:: Exercise data ::
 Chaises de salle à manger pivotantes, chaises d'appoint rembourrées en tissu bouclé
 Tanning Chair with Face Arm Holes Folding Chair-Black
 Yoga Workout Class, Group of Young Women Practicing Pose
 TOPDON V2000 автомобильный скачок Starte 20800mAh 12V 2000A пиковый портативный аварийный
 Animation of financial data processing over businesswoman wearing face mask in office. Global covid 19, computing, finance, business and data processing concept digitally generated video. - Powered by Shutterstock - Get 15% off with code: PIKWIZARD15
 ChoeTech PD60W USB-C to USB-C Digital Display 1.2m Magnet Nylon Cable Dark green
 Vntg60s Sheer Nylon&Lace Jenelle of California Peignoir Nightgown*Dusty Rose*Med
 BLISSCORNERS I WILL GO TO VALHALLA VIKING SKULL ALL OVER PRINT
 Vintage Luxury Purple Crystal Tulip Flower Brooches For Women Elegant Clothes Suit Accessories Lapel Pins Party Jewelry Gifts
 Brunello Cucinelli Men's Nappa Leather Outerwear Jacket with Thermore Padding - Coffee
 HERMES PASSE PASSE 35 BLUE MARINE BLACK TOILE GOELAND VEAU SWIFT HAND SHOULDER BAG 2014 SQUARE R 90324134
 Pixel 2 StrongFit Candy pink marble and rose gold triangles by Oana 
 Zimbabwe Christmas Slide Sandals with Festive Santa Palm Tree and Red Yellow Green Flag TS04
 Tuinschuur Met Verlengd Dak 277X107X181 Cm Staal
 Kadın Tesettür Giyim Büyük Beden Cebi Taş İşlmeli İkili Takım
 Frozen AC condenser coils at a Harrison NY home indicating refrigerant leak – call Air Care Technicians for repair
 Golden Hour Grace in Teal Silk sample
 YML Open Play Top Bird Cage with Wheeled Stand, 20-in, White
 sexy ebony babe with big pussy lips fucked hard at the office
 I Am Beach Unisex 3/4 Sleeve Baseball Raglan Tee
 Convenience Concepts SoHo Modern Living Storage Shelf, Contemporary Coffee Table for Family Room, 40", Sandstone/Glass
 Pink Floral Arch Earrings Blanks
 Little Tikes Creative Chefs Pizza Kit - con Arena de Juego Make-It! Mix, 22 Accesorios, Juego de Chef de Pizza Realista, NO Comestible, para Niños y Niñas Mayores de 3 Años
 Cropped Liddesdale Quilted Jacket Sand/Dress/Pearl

:: Problem to work on ::
A single number is the reply: the count of lines in the entries above that have the word "Jacket".

:: Solution to this exercise ::
2